Your task >> Below is a listing; restate from it, character for character, the lines beginning at the line holding "Let's take a" and ending at the line holding "HLS Show Me", both included.

[Data shown Boundary: Start]

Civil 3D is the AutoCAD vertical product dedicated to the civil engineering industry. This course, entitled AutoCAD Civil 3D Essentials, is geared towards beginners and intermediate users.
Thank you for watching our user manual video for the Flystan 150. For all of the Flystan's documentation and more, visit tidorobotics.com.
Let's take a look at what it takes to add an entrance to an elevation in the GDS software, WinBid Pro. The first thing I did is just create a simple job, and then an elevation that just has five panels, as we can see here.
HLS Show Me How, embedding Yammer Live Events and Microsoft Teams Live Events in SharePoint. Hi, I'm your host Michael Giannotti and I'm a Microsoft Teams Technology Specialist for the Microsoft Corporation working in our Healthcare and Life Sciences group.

[Data shown Boundary: End]
[Data shown Boundary: Start]

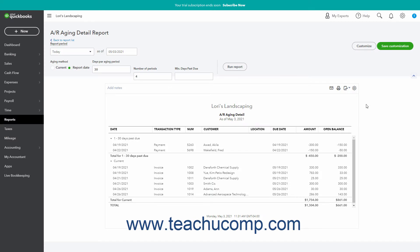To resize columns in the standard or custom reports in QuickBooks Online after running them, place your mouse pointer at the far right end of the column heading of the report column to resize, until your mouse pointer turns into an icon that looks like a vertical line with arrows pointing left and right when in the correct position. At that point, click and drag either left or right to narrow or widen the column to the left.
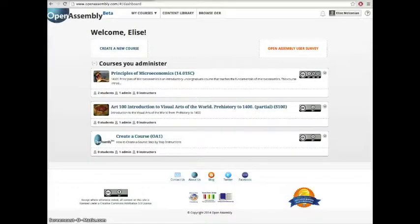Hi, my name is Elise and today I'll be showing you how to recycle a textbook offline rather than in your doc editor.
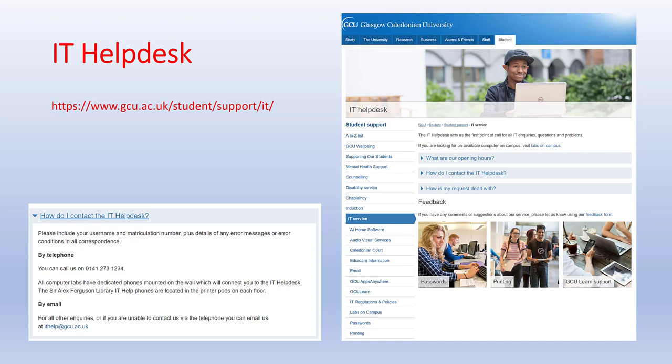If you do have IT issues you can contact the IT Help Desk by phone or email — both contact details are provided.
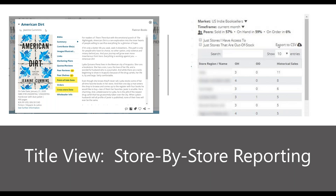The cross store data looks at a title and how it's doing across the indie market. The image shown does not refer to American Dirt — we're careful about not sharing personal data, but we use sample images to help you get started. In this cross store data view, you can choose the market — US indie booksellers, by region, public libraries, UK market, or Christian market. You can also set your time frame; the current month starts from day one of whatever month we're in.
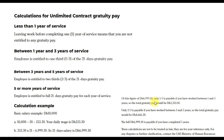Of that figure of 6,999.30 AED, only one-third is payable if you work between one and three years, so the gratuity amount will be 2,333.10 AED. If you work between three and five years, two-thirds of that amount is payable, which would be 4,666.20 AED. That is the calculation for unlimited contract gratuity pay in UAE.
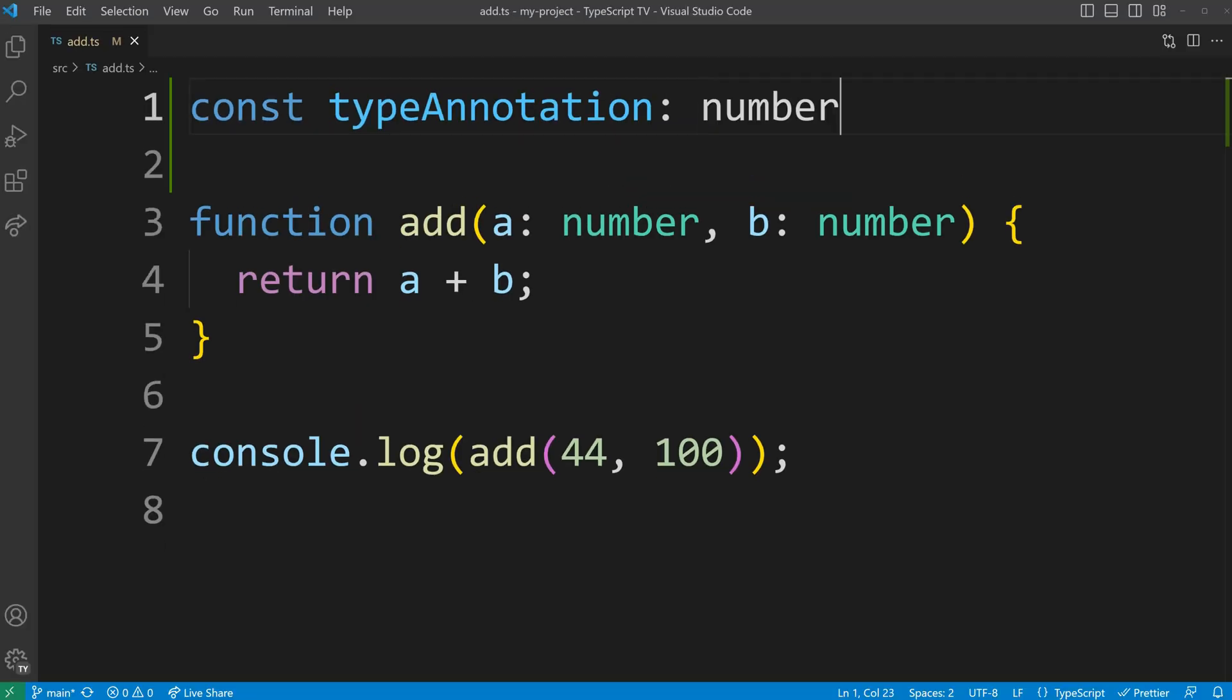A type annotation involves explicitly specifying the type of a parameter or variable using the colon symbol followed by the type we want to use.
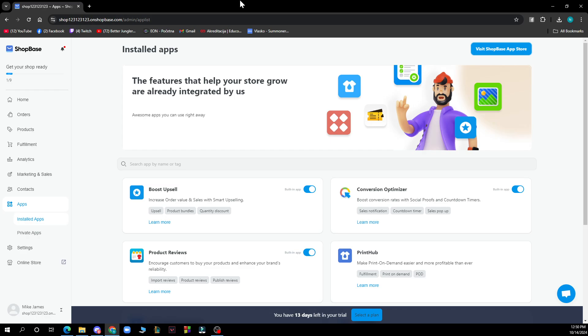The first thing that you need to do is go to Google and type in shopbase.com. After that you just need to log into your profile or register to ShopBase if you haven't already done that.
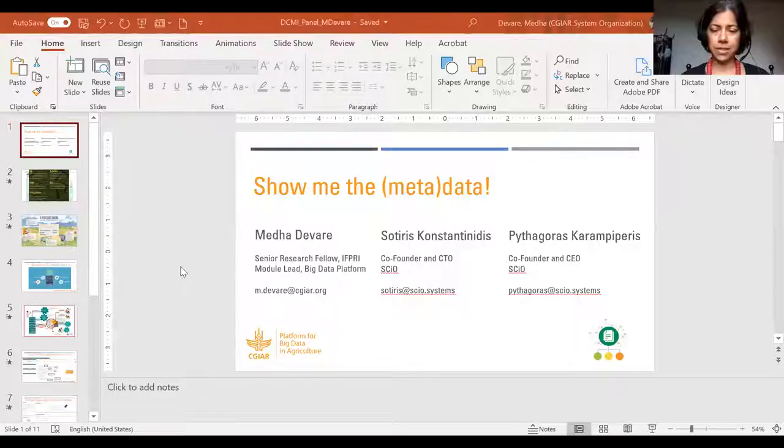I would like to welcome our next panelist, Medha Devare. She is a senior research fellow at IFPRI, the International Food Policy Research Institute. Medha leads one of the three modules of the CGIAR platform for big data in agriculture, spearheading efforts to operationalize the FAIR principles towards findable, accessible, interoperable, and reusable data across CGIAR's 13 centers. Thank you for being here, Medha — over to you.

[Data shown Boundary: End]
[Data shown Boundary: Start]

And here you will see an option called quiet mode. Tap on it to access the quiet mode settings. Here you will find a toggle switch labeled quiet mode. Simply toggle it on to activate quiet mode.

[Data shown Boundary: End]

The completed task >>
Let's take a look at what it takes to add an entrance to an elevation in the GDS software, WinBid Pro. The first thing I did is just create a simple job, and then an elevation that just has five panels, as we can see here.
HLS Show Me How, embedding Yammer Live Events and Microsoft Teams Live Events in SharePoint. Hi, I'm your host Michael Giannotti and I'm a Microsoft Teams Technology Specialist for the Microsoft Corporation working in our Healthcare and Life Sciences group.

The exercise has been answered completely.